The Stadium Series ‘set’ will resemble one of New Jerseys countless parks, complete with running paths and dog walkers. Team alumni will be in attendance, and all the accompanying entertainment will feature local artists.

The Jonas Brothers, who hail from nearby Wyckoff, are putting on a full concert before Saturday Night’s game, and The Gaslight Anthem will perform their hit –and the Devils’ goal song– “Howl” during the first intermission (and after every goal).

“Some of the celebrities that we’re having [in attendance, like Barstool’s Frank Fleming and Giants QB Tommy DeVito,] will lean into the Jersey theme [too],” Mayer said.

There will also be NJ-centric content integrations (think: Sopranos) and F&B activations.

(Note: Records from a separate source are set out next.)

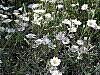 flora92.jpg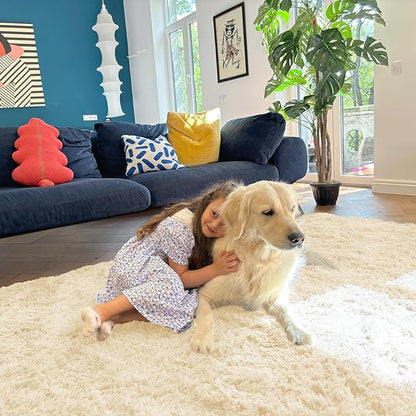 OLANLY 5x7 Machine Washable Large Area Rugs for Living Room, Bedroom, Soft Fluffy Shaggy Bedside Rug, Indoor Floor Carpet for Kids Girls and Boys, Dorms, Nursery, Home Decor Aesthetic, Cream
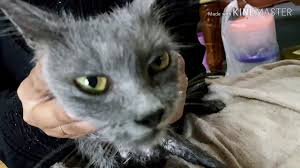 Serai wangi ini cara paling popular untuk halau tikus. Cara Buang Getah Perangkap Tikus Yg Terkena Kucing Kesayangan Youtube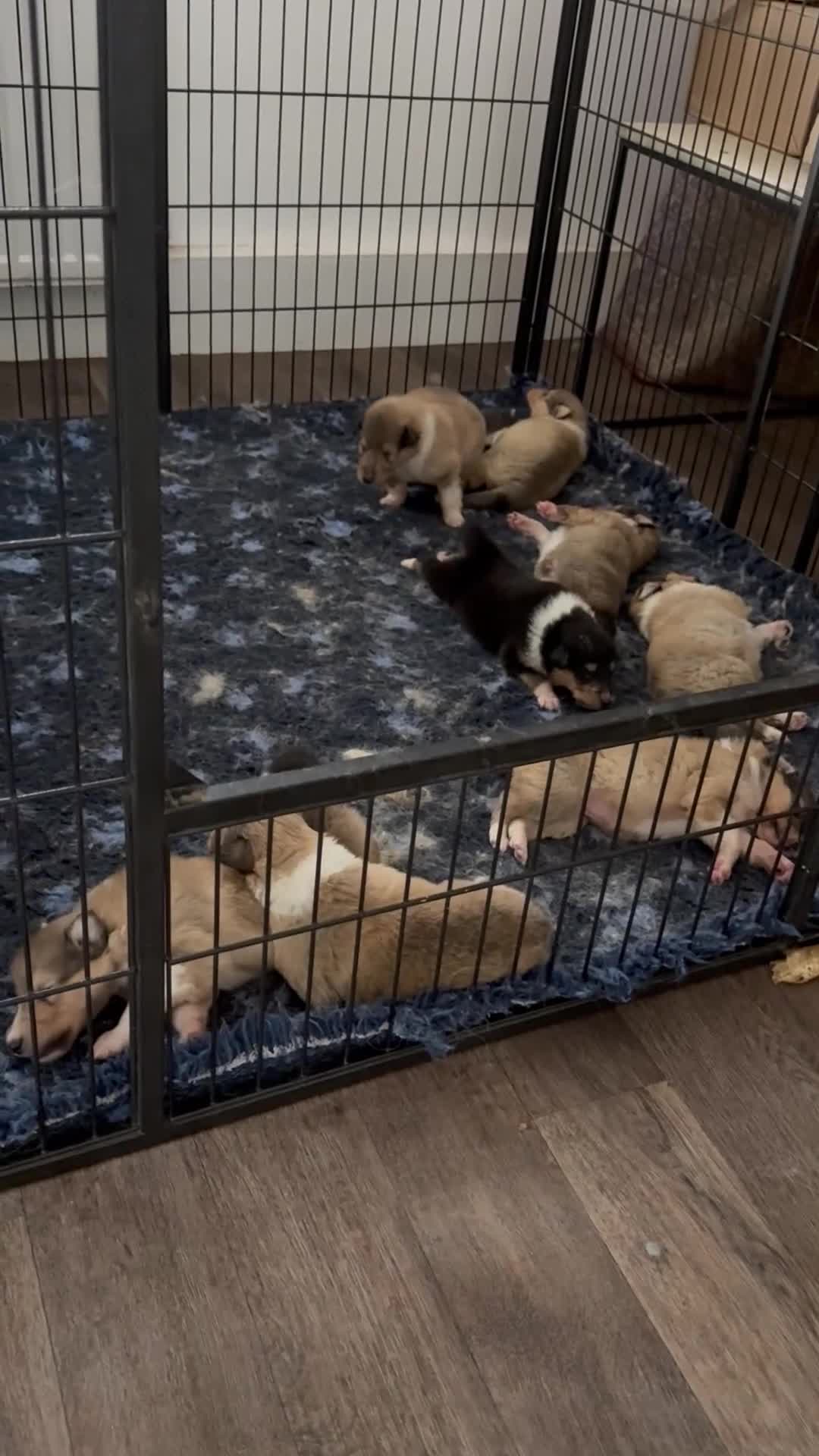 Rough Collie dogs for sale: Unaffected KC Reg Rough Collie Puppies Available  - Video 1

“We’re going to do a Taylor Ham pork roll [sandwich],” Mayer said.

Location and branding aside, the New Jersey Stadium Series will be a different experience than previous renditions. The league is playing two outdoor games, on back-to-back days, for the first time.

The Devils will play host to the Philadelphia Flyers on Saturday night, and the New York Rangers will take on the New York Islanders the following afternoon. Both games will air on ABC.

Selling 140,000+ tickets over two days is a heavy lift for the league. Particularly, with an expensive ticket (relative to a typical home game). The face value of the lowest priced seat Sat. night is $65.

But with four fan bases in close proximity, and the additional pomp and circumstance surrounding the interdivision rivalry games (think: live music, pyro, and a flyover), the league was confident it could. And as of print, it looks like it will. The two matchups are trending towards selling out.

World Cup construction has limited capacity for Stadium Series games. The NHL will lose several thousand more seats on Saturday night to accommodate the stage needed for the Jonas Brothers concert (which is why attendance on both days will be below the 82,500 MetLife seats).

To be clear, it is the NHL, not the Devils, losing those seats. The NHL buys out the home teams so that the clubs are made whole (i.e. the Devils will receive what they would have earned for a game against the Flyers at Prudential Center plus a bit more). Any additional ticketing revenues go towards covering expenses.

Outdoor hockey games are not profit centers for the league. But that is not their purpose, either.

“First and foremost, it’s [for the] fan experience. These games have “become one of the go-to events that people have on their bucket list,” Wachtel said. “They are [also] a huge deal for our [players and] sponsors.”

More than 20 of the league’s national partners, including the event’s title sponsor Navy Federal Credit Union, will activate on site, in the local market, and on television.

And the NHL’s broadcast partners like them.

“These are our highest rated games of the year,” Mayer said.

So, the spotlight should be bright on New Jersey this weekend.